Low Gas Prices
The American Automobile Association predicts that American consumers could save as much as $75 billion on gas this year. In this image, a gas station attendant fills a customer's vehicle in Turnersville, New Jersey, on Dec. 4, 2014. Reuters/Tom Mihalek

Falling oil prices have created massive headaches for some of the world's largest energy producers, but they're a big boon for American consumers. While U.S. drivers saved about $14 billion on gasoline in 2014, the savings in 2015 will likely be even more substantial, as the American Automobile Association (AAA) predicted in a Wednesday report that Americans could save as much as $75 billion on gas this year.

“Next year promises to provide much bigger savings to consumers as long as crude oil remains relatively cheap,” Avery Ash, an AAA spokesman, said in the report. “It would not be surprising for U.S. consumers to save $50 billion to $75 billion on gasoline in 2015 if prices remain low.”

Last year saw some of the lowest gas and oil prices in years. Oil prices fell to the lowest level in over five years earlier this week, and gasoline is less expensive in the U.S. now than at any point since 2010. A number of areas of the country are selling gas to drivers for less than $2 a gallon for the first time in recent memory as the U.S. shale boom and OPEC’s refusal to slash production to balance out the market have created an environment of plummeting gas prices.

Energy experts predict that the cost of gas will remain low for at least the first two quarters of 2015, and that they will only slowly rebound once they do start to come back up in response to lower levels of production and high demand. AAA said prices may fall another 10 cents per gallon over the next two weeks alone.

“As far as what that means for the consumer and for gas prices, I think we’ll be in these more depressed prices for at least the next two quarters, but I think we have to drift back higher over time,” Chad Mabry, an analyst in the energy and natural resources research department at the New York investment bank MLV and Co., told IBTimes Monday.

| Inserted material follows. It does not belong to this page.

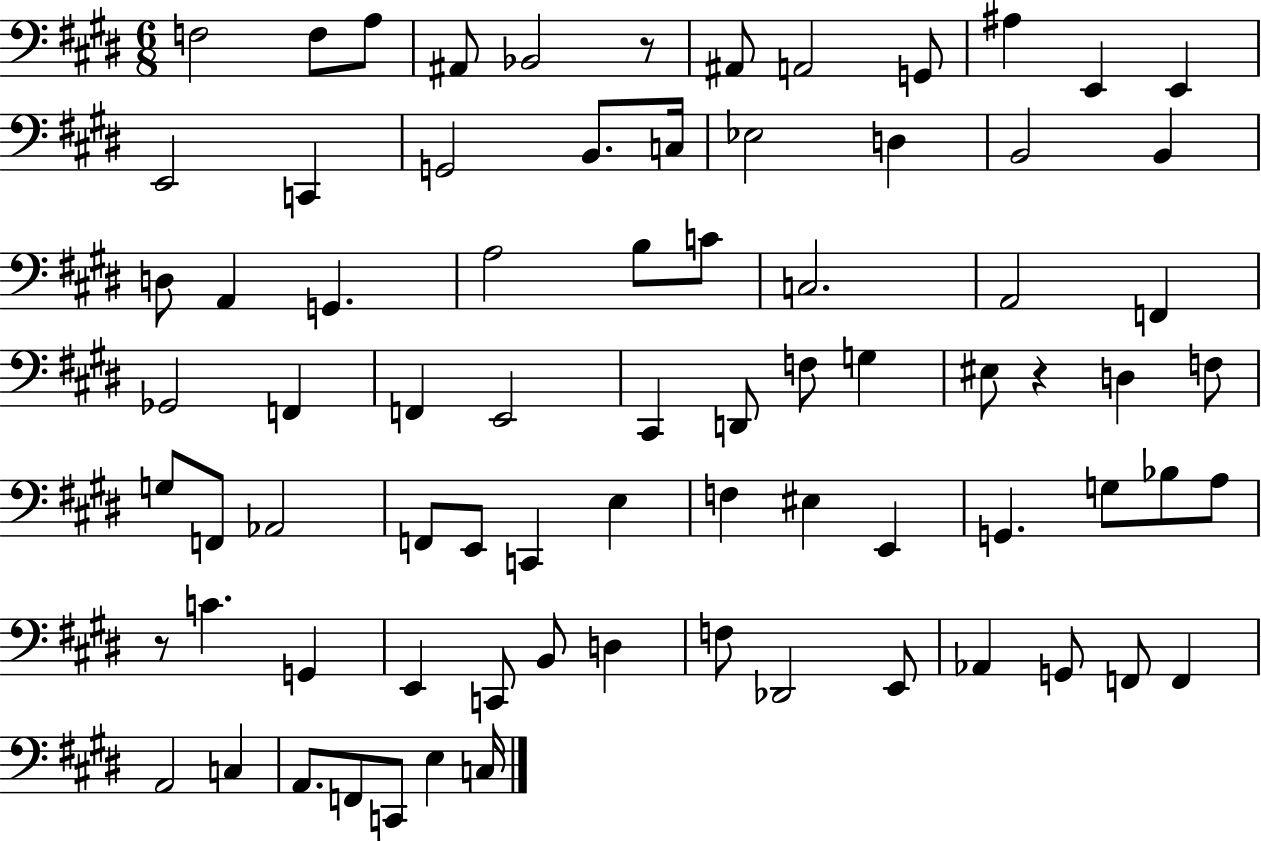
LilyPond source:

West Texas Intermediate crude was trading at $53.27 per barrel Thursday, the lowest level since May 1, 2009. The low price of oil has translated to super-low gas prices at the pump, averaging $2.26 per gallon as of Wednesday, the lowest level of 2014, which saw 97 days in a row of falling gas prices through the end of the year, according to AAA. The national average gas price Wednesday was $1.06 less per gallon less than it was a year earlier.